Office 365 is one of the first things our clients mention when they talk to us.  Its one of the top concerns or challenges that they have and one of the common things that we hear from them is that they are tired of purchasing software or services that they never use.  In the world of Office 365 not subscribing to this is a very difficult task based on how Microsoft creates Office 365 bundles and the way they price the product vs the service that they offer.

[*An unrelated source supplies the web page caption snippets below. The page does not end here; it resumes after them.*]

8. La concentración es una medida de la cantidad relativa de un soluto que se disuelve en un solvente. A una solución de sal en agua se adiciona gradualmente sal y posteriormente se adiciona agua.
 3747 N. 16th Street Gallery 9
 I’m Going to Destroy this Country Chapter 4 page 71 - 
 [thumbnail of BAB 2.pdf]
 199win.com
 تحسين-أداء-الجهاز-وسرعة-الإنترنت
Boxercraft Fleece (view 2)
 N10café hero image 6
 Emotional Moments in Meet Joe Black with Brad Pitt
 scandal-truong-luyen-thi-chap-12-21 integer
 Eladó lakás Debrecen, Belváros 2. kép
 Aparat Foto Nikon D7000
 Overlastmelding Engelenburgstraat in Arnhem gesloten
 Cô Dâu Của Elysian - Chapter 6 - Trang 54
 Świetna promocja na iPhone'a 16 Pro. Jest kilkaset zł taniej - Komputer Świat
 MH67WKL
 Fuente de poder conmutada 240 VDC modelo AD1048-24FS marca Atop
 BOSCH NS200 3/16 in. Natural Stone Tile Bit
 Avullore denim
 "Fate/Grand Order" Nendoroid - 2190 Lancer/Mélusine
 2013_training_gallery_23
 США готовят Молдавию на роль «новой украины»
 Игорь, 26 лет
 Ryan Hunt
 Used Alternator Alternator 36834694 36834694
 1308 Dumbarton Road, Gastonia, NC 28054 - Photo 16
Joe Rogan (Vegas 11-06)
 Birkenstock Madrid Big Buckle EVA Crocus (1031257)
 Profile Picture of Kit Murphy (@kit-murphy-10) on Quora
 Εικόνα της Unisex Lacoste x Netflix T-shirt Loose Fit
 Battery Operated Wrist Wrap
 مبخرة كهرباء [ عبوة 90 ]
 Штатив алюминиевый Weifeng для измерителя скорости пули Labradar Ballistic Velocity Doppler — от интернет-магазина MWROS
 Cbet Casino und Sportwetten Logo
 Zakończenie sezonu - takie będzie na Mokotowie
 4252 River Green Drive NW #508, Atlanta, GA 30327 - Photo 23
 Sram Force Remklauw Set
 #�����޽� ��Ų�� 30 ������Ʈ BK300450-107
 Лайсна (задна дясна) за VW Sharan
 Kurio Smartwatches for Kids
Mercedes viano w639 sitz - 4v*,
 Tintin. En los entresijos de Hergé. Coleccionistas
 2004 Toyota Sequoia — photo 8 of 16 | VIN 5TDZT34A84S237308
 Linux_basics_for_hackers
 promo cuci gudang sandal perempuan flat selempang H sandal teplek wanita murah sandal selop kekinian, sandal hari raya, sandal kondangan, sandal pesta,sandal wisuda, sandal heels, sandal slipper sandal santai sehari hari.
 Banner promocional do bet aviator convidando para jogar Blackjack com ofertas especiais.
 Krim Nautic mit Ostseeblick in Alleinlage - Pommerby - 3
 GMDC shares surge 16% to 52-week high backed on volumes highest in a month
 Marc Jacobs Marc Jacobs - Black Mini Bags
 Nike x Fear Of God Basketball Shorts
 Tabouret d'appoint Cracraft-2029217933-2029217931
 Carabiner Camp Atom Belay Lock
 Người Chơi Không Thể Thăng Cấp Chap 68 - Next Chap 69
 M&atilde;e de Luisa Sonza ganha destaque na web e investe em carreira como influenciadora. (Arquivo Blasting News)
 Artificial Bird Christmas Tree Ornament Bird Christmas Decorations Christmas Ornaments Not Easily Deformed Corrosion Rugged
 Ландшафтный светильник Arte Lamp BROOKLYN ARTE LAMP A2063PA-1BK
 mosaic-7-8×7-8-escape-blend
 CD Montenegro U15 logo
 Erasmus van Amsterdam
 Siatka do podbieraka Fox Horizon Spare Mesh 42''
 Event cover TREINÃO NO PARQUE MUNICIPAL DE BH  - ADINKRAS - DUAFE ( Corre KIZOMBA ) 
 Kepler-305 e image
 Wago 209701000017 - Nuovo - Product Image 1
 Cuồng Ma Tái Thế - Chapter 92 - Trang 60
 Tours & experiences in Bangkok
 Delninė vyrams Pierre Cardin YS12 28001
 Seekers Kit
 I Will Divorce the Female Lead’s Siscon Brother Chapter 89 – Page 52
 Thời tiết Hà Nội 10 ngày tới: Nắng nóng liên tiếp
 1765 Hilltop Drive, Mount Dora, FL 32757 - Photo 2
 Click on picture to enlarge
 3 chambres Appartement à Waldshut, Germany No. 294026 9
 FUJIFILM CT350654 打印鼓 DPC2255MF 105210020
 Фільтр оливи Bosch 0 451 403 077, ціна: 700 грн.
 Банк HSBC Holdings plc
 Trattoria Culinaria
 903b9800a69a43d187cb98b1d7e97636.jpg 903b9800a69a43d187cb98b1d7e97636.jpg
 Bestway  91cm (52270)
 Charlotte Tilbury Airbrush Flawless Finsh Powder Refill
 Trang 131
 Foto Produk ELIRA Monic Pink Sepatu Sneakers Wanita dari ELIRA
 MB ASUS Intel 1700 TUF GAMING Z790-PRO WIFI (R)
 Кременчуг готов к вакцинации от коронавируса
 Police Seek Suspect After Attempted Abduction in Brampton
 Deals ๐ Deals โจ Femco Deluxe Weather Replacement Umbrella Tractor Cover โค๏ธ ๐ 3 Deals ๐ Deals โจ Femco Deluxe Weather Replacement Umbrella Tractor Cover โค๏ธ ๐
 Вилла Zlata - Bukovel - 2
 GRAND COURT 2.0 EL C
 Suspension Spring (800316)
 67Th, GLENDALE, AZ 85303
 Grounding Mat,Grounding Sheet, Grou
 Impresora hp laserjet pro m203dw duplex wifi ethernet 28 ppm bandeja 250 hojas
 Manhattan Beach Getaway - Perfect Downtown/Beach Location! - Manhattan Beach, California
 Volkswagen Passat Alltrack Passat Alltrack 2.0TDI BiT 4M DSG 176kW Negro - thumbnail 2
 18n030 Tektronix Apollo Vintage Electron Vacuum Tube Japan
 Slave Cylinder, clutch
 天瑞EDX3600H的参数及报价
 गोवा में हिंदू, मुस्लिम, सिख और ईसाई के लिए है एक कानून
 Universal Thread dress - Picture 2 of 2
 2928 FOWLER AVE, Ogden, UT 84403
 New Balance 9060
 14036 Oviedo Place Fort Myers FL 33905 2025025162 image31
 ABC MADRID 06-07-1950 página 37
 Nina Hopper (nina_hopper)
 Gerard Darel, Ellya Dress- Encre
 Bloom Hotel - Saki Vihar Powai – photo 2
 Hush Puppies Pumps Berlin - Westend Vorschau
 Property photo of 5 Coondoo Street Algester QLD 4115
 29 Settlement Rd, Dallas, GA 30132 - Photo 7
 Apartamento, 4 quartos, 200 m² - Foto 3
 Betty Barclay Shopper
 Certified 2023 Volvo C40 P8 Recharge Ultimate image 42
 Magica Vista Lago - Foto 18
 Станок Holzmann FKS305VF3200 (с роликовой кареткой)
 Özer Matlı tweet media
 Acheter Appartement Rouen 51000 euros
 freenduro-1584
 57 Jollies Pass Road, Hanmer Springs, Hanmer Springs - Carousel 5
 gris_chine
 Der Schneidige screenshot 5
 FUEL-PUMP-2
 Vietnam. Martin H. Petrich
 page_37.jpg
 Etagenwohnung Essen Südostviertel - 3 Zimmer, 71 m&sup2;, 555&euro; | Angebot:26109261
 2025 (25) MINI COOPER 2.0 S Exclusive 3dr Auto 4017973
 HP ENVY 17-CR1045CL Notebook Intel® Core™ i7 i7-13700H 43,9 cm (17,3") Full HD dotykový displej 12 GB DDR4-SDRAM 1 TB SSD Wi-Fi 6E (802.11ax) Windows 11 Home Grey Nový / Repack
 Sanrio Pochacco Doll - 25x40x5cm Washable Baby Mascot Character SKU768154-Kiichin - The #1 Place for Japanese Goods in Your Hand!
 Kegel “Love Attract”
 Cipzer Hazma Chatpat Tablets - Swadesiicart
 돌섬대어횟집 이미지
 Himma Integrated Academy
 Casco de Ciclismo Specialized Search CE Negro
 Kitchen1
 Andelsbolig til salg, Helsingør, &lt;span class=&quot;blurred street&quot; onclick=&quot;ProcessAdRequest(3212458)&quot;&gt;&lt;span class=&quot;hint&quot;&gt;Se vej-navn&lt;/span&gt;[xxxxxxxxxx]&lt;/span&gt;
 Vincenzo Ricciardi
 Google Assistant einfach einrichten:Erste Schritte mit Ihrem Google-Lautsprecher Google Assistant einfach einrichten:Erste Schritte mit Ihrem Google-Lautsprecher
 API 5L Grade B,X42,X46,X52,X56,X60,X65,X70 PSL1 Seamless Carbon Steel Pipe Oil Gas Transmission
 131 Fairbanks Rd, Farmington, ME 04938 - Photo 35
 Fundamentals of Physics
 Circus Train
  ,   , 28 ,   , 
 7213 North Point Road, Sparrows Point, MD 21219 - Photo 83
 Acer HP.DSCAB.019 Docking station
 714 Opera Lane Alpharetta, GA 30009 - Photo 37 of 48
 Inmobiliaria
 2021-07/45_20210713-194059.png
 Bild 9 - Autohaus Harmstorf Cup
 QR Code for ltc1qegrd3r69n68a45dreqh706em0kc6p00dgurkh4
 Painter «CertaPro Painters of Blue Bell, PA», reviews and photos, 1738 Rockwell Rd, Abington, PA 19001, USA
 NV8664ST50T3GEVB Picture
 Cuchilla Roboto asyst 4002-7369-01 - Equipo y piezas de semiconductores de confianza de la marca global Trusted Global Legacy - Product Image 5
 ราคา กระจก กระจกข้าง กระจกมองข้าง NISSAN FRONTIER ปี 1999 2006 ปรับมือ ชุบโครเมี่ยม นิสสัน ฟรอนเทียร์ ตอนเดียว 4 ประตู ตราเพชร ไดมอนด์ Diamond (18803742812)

MetrixData360 has developed an Office 365 Decision Model for you to use to help you determine how best to approach Microsoft depending on three key factors:

  1. Your Unique Business Requirements as they relate to Office 365
  2. Your Actual deployment roadmap of the services (regardless of Office 365 licensing bundles)
  3. Costs of not just licensing but deployments, upgrades etc.

Office 365 Decision Model

Depending on where you intersect on this simple Venn Diagram will determine what you should do with regards to negotiating an agreement with Microsoft on Office 365.  If you fall into the following category (where the circles intersect), the following is our high-level guidance for you:

  1. Office365 costs more than your costs to maintain your current infrastructure. At this junction, you should delay your purchase of Office 365 as you will not have the financial business case and TCO to move forward with a deployment.
  2. You have not determined your roadmap and the timeframes within which you will deploy the components of Office 365. You should not proceed with a purchase of Office 365 (regardless of price) as the months that you do not use the product will cost you more than any savings you may have from pricing.
  3. You are unable to identify any solid business reason to move to Office 365. Deploying to the cloud would not provide the business or your IT organization any added benefit so there is no reason to move forward with a purchase of Office 365.
  4. You have all the requirements necessary to move forward with a negotiation. Go forward and negotiate your best deal with Microsoft.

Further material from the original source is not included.